> _DATA TO PROCESS_:

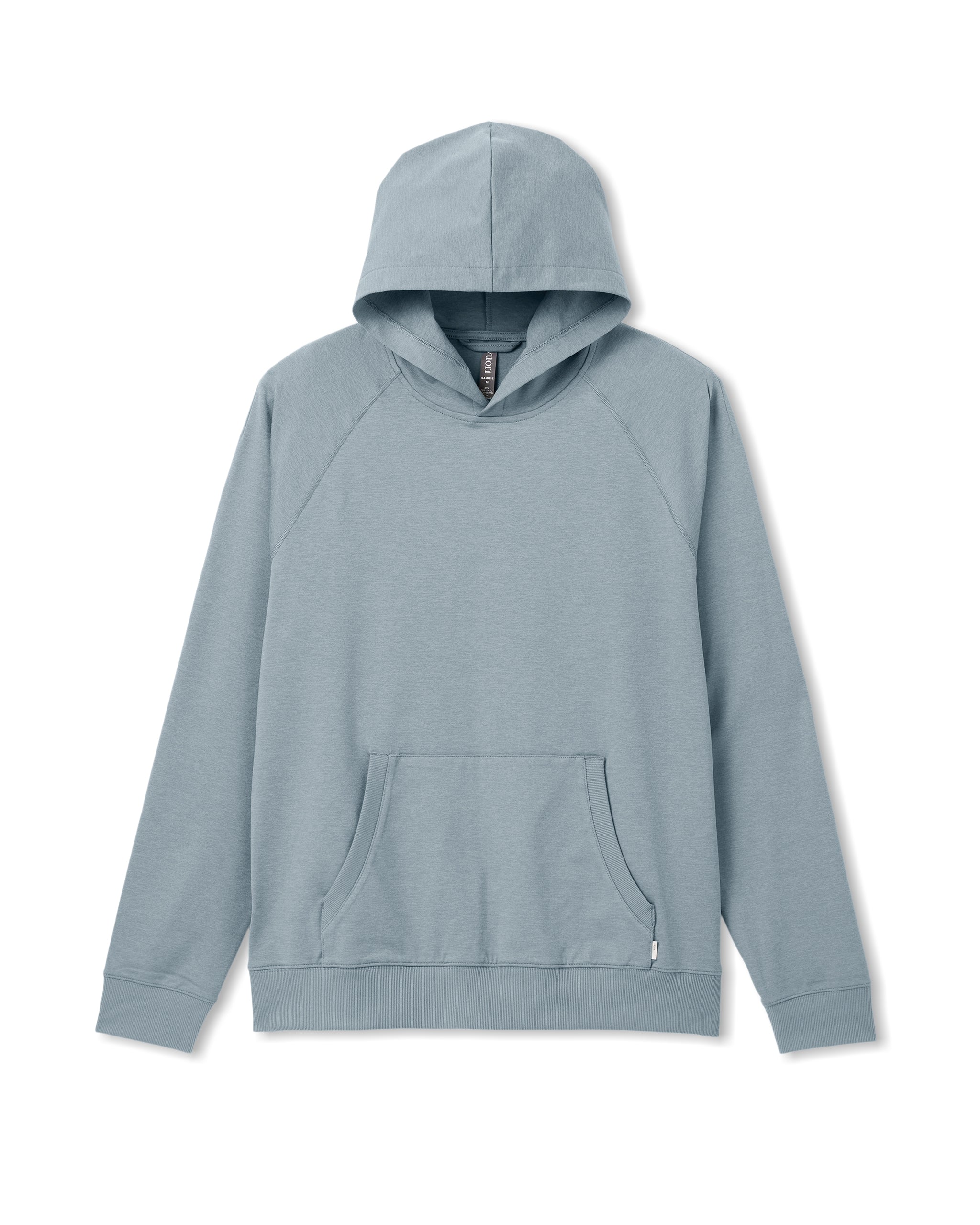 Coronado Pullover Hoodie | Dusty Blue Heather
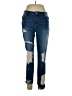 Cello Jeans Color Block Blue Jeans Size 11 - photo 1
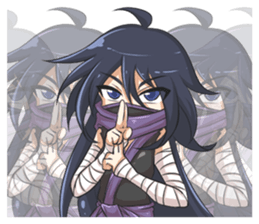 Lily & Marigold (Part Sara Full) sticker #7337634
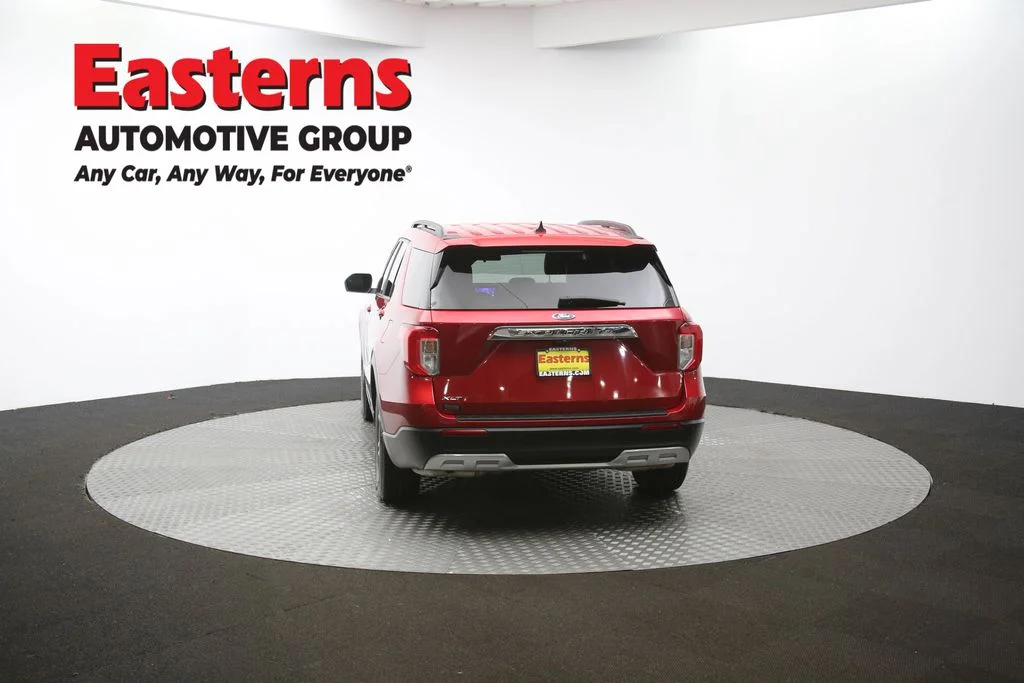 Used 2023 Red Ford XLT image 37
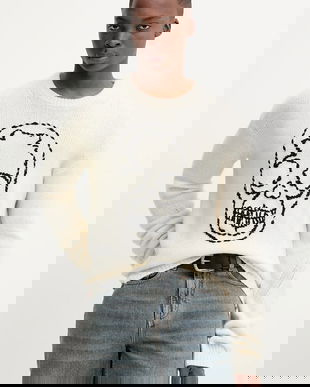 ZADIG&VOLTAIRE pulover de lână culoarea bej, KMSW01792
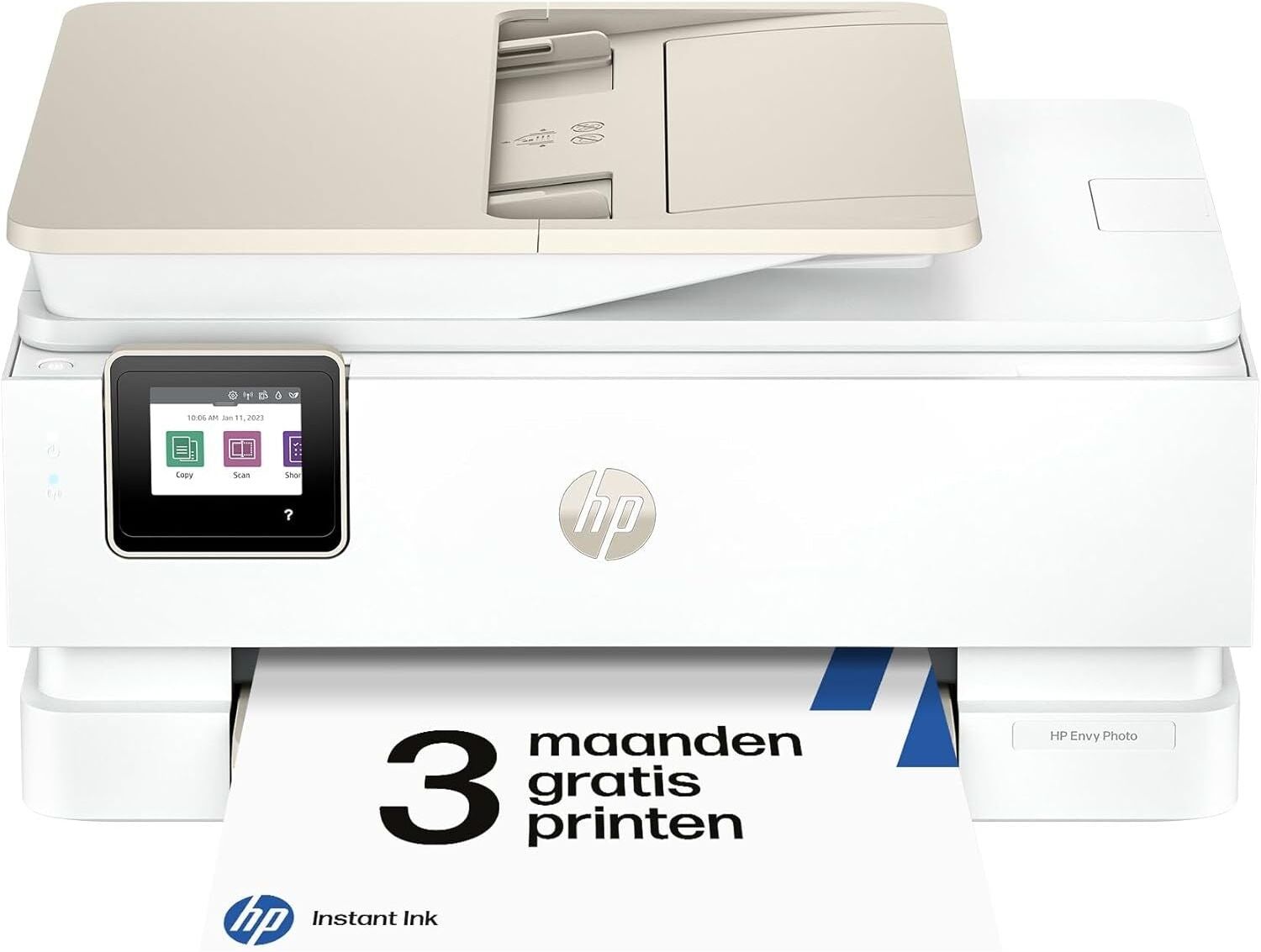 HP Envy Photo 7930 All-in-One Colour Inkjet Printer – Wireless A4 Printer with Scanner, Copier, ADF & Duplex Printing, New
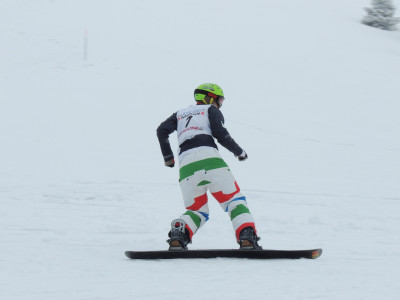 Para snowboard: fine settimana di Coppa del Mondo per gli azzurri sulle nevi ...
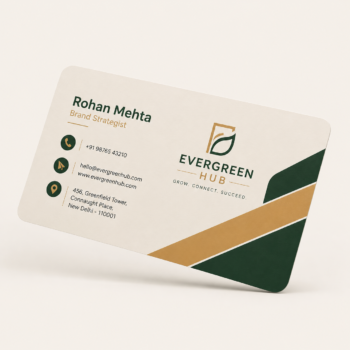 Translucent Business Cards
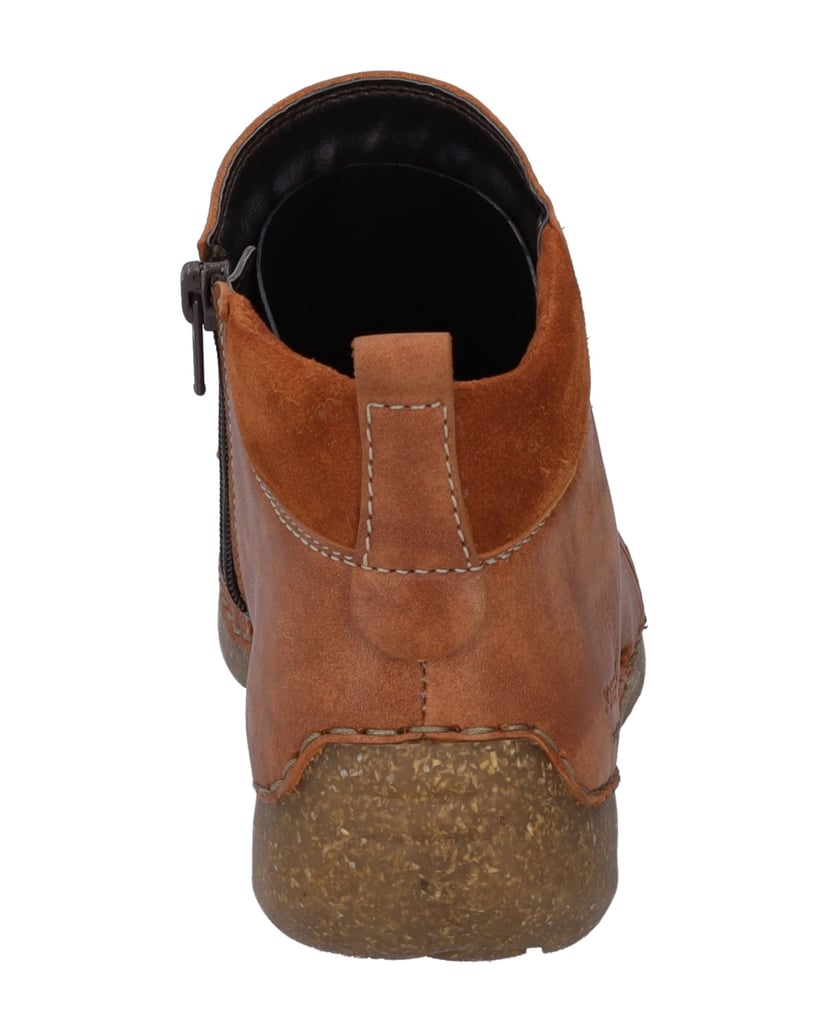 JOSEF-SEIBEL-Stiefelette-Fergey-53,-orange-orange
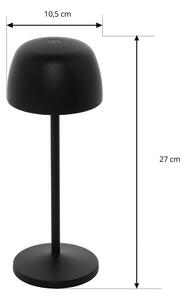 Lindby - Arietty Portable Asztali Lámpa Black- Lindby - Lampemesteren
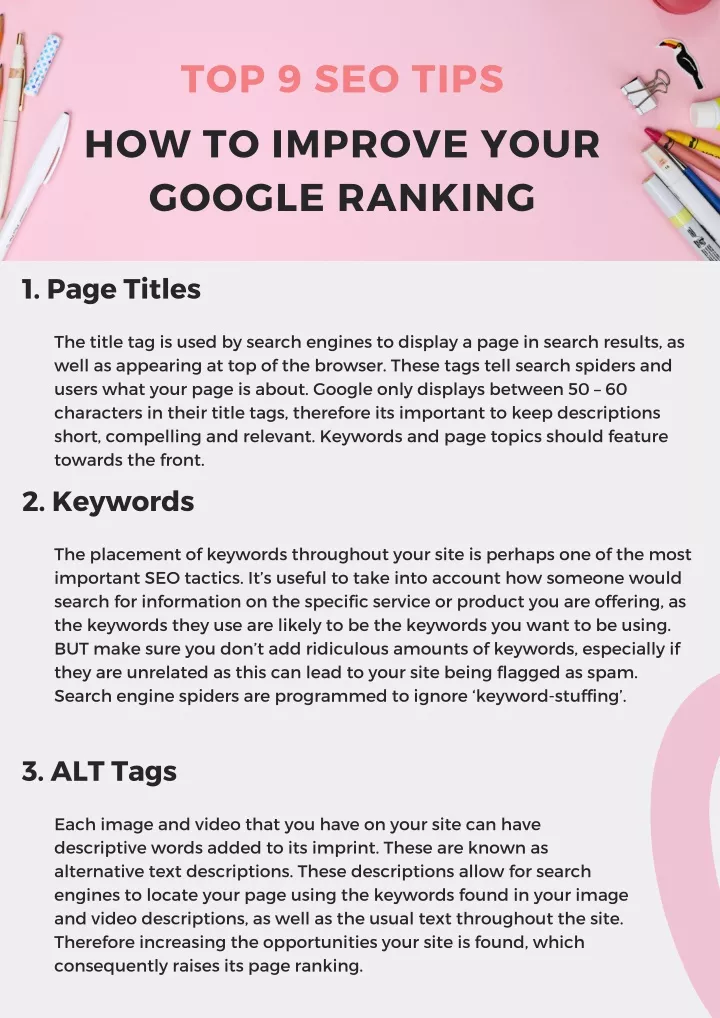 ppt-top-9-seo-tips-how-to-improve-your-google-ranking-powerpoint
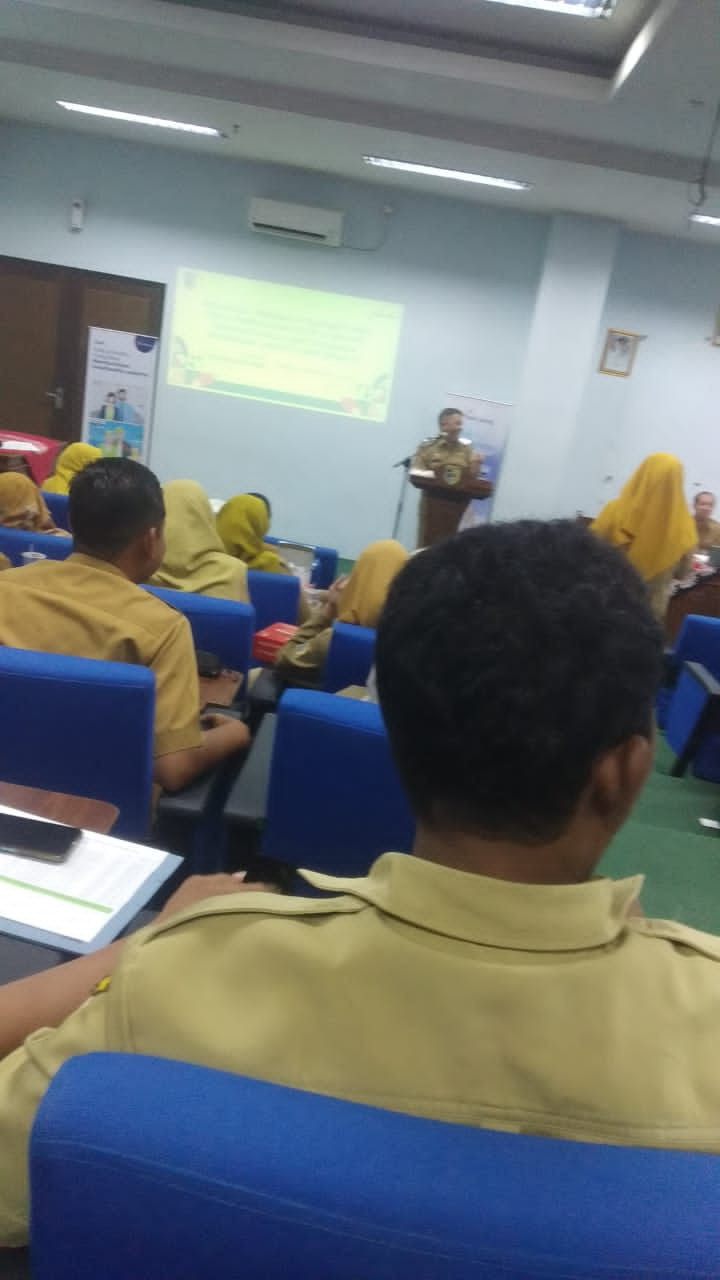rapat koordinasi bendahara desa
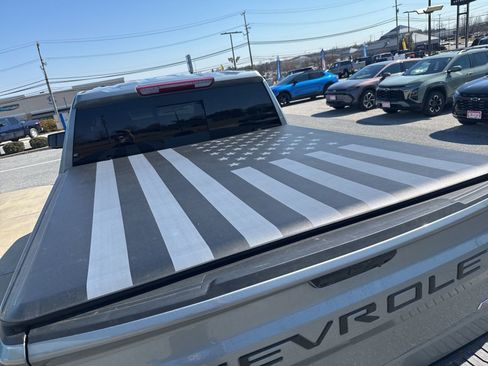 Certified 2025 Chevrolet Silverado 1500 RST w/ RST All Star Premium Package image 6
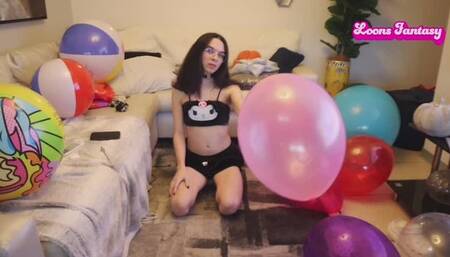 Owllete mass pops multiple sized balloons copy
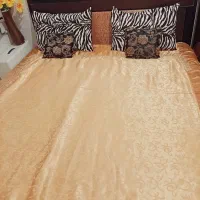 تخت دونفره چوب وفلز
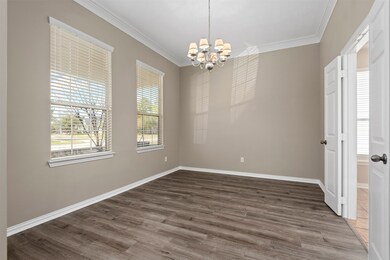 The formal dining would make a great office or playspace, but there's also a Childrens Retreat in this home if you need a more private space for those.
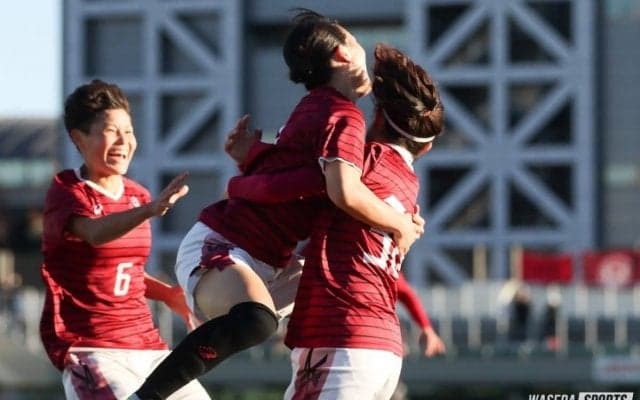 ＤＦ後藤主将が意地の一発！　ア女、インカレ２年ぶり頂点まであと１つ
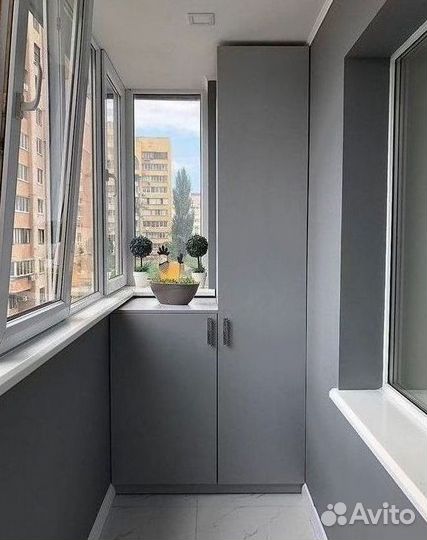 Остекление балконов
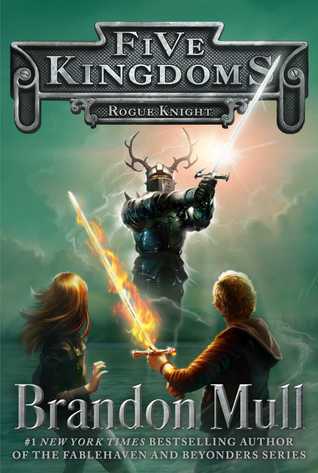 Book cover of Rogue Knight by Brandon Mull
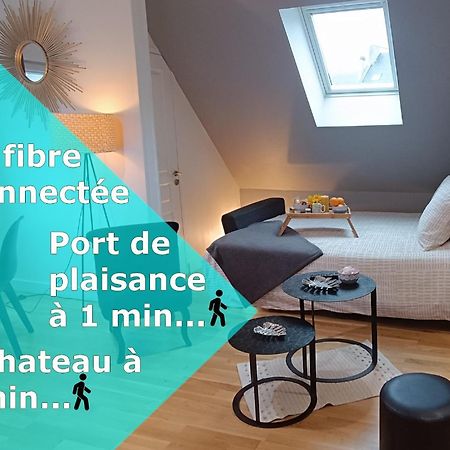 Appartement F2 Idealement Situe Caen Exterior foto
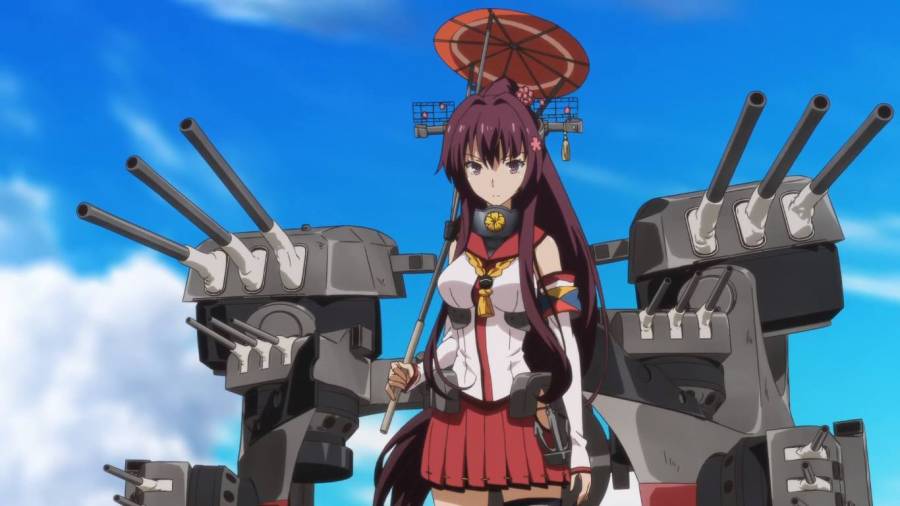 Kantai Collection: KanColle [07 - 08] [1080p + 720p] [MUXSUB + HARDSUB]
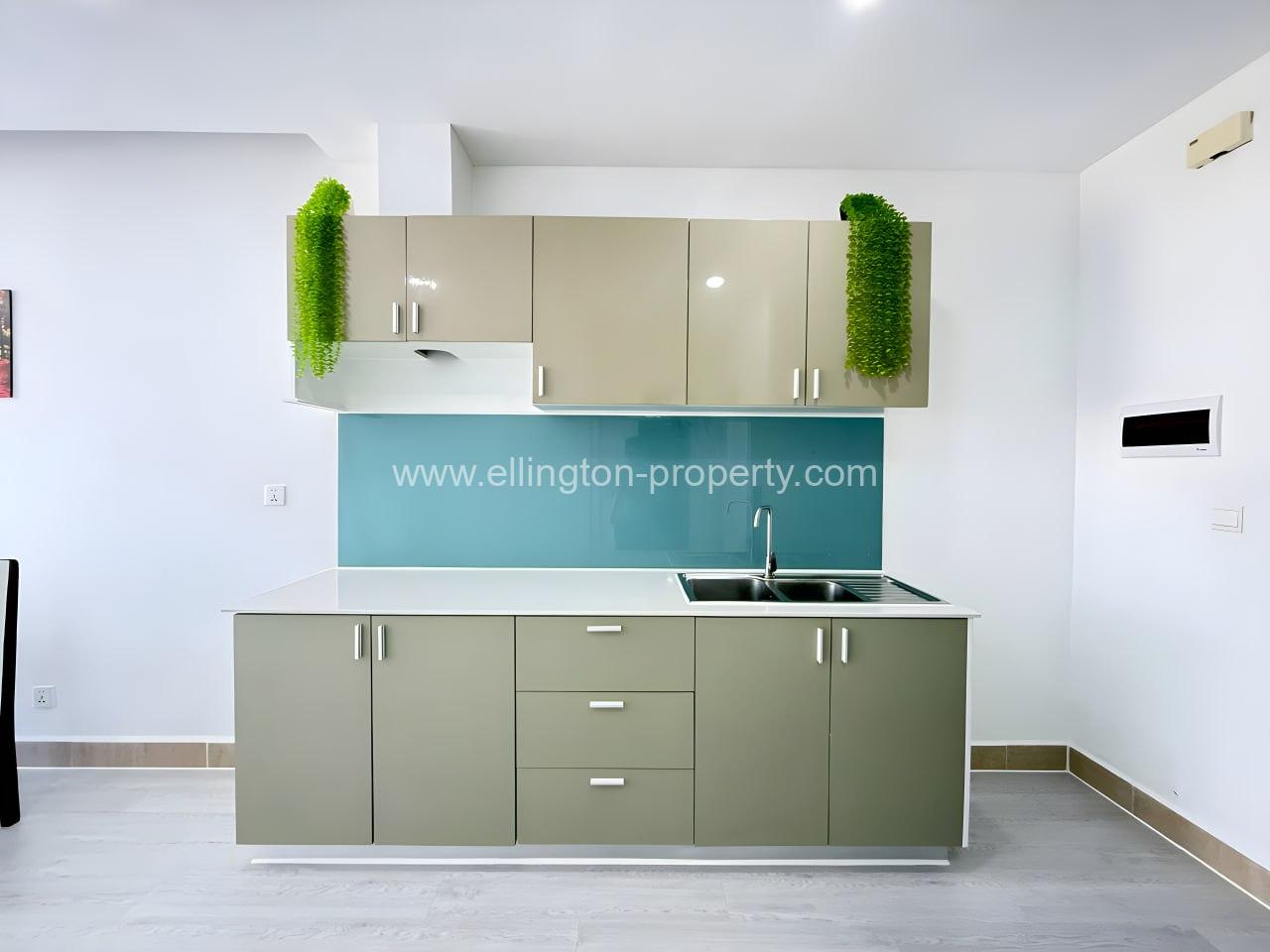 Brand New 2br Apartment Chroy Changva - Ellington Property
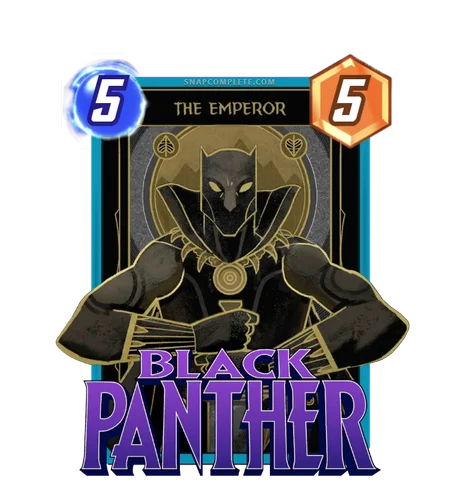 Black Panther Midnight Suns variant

> _WHAT YOU SHOULD DO_: If an entry above contains a picture, leave that picture out and copy everything else exactly.

> _WRITTEN SOLUTION_:
 Coronado Pullover Hoodie | Dusty Blue Heather
 Cello Jeans Color Block Blue Jeans Size 11 - photo 1
 Lily & Marigold (Part Sara Full) sticker #7337634
 Used 2023 Red Ford XLT image 37
 ZADIG&VOLTAIRE pulover de lână culoarea bej, KMSW01792
 HP Envy Photo 7930 All-in-One Colour Inkjet Printer – Wireless A4 Printer with Scanner, Copier, ADF & Duplex Printing, New
 Para snowboard: fine settimana di Coppa del Mondo per gli azzurri sulle nevi ...
 Translucent Business Cards
 JOSEF-SEIBEL-Stiefelette-Fergey-53,-orange-orange
 Lindby - Arietty Portable Asztali Lámpa Black- Lindby - Lampemesteren
 ppt-top-9-seo-tips-how-to-improve-your-google-ranking-powerpoint
rapat koordinasi bendahara desa
 Certified 2025 Chevrolet Silverado 1500 RST w/ RST All Star Premium Package image 6
 Owllete mass pops multiple sized balloons copy
 تخت دونفره چوب وفلز
 The formal dining would make a great office or playspace, but there's also a Childrens Retreat in this home if you need a more private space for those.
 ＤＦ後藤主将が意地の一発！　ア女、インカレ２年ぶり頂点まであと１つ
 Остекление балконов
 Book cover of Rogue Knight by Brandon Mull
 Appartement F2 Idealement Situe Caen Exterior foto
 Kantai Collection: KanColle [07 - 08] [1080p + 720p] [MUXSUB + HARDSUB]
 Brand New 2br Apartment Chroy Changva - Ellington Property
 Black Panther Midnight Suns variant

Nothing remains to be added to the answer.